MATERIAL SUPPLIED:
┌────────
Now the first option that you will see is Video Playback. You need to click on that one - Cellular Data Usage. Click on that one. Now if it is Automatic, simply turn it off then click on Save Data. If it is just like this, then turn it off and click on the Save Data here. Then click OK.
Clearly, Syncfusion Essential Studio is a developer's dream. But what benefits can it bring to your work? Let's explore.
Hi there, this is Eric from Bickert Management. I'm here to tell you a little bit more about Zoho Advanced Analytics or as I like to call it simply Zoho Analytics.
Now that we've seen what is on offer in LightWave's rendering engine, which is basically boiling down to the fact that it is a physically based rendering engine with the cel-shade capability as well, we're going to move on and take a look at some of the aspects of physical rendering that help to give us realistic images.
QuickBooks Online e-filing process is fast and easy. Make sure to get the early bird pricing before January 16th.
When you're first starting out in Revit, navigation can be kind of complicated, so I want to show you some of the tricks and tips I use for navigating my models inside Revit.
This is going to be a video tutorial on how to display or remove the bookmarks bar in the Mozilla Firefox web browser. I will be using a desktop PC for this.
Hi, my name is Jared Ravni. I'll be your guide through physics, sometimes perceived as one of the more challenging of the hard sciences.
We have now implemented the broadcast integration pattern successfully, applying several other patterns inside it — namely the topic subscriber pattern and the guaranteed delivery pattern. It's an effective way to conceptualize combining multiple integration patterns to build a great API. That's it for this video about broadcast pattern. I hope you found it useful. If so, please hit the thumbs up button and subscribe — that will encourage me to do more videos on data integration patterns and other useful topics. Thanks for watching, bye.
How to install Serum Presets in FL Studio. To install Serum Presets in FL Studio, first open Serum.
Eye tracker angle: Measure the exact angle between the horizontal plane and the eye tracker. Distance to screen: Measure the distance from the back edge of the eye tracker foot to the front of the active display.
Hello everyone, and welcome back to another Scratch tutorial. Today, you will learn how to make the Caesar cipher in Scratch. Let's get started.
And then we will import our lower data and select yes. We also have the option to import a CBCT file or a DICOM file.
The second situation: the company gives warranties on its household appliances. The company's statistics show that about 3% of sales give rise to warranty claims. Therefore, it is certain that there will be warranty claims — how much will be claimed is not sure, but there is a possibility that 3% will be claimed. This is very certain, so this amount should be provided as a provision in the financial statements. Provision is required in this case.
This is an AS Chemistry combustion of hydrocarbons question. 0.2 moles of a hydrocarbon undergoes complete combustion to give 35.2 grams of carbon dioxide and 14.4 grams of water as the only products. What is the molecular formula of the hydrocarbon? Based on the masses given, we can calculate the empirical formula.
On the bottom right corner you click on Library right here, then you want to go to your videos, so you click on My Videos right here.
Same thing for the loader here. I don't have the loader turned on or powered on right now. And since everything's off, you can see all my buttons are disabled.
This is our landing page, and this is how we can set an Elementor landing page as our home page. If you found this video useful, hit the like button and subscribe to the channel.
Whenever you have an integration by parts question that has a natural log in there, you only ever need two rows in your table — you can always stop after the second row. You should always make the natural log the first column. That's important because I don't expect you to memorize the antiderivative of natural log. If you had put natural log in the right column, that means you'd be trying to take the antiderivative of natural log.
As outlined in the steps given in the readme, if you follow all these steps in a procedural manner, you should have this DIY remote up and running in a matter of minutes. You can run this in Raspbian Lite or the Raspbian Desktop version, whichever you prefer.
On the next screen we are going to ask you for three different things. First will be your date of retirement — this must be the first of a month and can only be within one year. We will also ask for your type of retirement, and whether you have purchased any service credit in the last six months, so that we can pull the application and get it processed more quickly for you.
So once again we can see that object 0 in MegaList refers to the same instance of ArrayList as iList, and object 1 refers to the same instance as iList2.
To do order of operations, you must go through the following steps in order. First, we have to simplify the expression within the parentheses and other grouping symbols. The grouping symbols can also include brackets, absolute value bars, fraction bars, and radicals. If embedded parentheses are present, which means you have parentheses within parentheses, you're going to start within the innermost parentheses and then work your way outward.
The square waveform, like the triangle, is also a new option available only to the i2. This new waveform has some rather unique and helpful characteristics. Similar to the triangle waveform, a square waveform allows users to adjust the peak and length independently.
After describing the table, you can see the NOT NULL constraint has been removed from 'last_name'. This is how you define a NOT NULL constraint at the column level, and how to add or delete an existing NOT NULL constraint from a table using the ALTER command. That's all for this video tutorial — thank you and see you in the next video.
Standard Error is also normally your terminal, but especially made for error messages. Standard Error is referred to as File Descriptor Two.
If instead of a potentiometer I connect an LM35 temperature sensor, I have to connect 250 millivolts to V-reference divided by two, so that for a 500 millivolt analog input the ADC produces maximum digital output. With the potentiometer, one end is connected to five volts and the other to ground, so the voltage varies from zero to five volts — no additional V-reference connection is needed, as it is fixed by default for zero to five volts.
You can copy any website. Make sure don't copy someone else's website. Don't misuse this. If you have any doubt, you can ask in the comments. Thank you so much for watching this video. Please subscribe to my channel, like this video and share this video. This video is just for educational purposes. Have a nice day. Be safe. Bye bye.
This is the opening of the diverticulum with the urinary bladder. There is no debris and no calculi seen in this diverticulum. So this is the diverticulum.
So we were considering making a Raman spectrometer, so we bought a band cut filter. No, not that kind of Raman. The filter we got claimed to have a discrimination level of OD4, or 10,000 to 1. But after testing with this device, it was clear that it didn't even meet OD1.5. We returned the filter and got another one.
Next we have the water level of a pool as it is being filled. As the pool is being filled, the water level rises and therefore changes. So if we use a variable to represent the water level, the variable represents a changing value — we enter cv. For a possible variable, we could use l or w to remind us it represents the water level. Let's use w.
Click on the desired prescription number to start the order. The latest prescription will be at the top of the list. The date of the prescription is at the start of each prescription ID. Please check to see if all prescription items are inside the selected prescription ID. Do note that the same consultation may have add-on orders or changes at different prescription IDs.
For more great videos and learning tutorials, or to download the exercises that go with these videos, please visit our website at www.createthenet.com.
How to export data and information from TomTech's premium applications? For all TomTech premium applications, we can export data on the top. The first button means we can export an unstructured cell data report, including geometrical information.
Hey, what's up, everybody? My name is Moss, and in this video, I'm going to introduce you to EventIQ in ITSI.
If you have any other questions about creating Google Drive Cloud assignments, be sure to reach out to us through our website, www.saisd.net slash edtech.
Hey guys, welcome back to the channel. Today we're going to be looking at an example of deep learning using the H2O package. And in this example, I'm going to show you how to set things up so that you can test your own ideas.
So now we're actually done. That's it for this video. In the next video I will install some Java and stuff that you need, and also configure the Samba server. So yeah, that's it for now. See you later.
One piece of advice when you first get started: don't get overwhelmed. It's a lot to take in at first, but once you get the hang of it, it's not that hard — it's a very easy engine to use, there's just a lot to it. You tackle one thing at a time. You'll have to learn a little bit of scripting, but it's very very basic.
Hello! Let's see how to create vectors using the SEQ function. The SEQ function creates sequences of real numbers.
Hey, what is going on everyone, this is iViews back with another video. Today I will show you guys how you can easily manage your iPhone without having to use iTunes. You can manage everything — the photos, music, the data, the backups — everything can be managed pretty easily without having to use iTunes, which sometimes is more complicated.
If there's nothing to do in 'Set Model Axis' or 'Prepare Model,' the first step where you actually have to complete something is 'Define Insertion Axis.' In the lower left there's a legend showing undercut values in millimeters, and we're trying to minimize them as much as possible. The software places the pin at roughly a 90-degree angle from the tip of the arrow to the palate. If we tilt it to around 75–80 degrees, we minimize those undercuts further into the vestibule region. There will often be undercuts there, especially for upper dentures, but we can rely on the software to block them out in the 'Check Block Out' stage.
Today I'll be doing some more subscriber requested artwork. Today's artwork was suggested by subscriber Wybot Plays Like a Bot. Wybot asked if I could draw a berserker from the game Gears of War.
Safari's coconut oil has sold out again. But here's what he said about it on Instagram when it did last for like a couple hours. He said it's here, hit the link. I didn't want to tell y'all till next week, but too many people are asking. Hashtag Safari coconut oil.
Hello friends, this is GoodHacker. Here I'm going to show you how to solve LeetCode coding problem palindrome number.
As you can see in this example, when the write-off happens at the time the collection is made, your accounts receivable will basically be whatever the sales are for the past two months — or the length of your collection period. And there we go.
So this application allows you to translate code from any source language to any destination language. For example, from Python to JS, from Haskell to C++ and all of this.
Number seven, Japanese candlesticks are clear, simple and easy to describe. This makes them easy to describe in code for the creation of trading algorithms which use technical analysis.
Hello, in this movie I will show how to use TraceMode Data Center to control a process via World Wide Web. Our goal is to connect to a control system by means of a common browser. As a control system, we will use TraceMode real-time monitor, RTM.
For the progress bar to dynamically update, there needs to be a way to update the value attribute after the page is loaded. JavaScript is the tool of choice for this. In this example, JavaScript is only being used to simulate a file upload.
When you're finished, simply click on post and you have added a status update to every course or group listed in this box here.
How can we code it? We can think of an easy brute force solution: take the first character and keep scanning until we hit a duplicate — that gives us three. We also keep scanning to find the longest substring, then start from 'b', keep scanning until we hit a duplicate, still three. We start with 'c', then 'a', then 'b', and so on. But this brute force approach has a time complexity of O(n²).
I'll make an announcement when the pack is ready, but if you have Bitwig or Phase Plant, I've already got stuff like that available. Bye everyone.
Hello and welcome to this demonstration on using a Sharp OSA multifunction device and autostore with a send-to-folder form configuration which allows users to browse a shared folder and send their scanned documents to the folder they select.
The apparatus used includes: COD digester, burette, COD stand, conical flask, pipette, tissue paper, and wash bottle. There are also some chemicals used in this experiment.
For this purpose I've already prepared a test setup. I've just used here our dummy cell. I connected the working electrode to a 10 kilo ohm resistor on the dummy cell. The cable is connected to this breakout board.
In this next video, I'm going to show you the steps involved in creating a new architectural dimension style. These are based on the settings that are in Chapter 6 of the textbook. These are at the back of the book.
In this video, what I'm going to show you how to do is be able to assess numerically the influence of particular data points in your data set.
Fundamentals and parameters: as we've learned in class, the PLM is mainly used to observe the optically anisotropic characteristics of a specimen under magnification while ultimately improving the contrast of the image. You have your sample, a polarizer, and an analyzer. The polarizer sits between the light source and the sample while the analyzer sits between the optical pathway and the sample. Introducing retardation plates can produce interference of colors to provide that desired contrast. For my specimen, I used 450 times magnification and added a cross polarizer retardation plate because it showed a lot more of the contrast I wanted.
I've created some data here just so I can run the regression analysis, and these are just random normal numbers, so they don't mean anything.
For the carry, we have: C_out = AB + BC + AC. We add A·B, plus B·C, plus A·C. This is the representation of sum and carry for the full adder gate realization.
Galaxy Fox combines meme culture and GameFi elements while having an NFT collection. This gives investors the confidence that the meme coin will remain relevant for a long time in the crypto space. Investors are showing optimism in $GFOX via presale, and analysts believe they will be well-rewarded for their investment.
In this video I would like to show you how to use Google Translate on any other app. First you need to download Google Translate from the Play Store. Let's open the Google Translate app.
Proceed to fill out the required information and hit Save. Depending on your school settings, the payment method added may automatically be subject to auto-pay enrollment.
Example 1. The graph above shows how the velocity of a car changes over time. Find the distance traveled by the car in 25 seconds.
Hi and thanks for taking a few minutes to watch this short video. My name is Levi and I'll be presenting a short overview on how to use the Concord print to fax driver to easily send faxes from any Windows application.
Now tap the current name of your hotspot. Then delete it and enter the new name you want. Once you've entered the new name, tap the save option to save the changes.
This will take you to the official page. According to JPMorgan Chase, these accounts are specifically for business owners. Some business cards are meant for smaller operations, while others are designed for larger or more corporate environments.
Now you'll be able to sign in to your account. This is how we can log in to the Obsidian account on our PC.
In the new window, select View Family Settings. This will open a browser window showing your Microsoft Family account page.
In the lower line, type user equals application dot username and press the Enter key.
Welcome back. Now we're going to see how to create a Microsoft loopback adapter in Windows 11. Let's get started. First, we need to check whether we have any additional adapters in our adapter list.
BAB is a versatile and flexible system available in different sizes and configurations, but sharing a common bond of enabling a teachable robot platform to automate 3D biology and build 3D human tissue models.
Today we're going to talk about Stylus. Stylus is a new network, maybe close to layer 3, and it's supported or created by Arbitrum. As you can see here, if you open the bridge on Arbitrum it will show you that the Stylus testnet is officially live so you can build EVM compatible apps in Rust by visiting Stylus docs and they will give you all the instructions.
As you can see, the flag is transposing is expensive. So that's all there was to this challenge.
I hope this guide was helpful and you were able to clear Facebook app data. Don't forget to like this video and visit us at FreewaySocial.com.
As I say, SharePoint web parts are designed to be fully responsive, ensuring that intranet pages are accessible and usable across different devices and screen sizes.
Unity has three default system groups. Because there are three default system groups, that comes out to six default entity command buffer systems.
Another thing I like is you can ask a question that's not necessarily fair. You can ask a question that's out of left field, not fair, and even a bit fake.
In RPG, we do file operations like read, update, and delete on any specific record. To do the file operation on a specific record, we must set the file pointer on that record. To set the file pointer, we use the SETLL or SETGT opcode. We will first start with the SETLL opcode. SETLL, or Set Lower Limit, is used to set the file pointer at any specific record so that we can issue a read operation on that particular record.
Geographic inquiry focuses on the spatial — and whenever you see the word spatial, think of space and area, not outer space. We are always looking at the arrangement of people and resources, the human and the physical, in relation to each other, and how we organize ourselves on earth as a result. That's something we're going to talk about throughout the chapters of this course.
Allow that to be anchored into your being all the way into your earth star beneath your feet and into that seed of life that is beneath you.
└────────
Could you write out, exactly as they stand, only the lines above that begin at the line with "Galaxy Fox combines" and stop after the line with "In the new window, select"?

RESULT FOR THIS EXERCISE:
Galaxy Fox combines meme culture and GameFi elements while having an NFT collection. This gives investors the confidence that the meme coin will remain relevant for a long time in the crypto space. Investors are showing optimism in $GFOX via presale, and analysts believe they will be well-rewarded for their investment.
In this video I would like to show you how to use Google Translate on any other app. First you need to download Google Translate from the Play Store. Let's open the Google Translate app.
Proceed to fill out the required information and hit Save. Depending on your school settings, the payment method added may automatically be subject to auto-pay enrollment.
Example 1. The graph above shows how the velocity of a car changes over time. Find the distance traveled by the car in 25 seconds.
Hi and thanks for taking a few minutes to watch this short video. My name is Levi and I'll be presenting a short overview on how to use the Concord print to fax driver to easily send faxes from any Windows application.
Now tap the current name of your hotspot. Then delete it and enter the new name you want. Once you've entered the new name, tap the save option to save the changes.
This will take you to the official page. According to JPMorgan Chase, these accounts are specifically for business owners. Some business cards are meant for smaller operations, while others are designed for larger or more corporate environments.
Now you'll be able to sign in to your account. This is how we can log in to the Obsidian account on our PC.
In the new window, select View Family Settings. This will open a browser window showing your Microsoft Family account page.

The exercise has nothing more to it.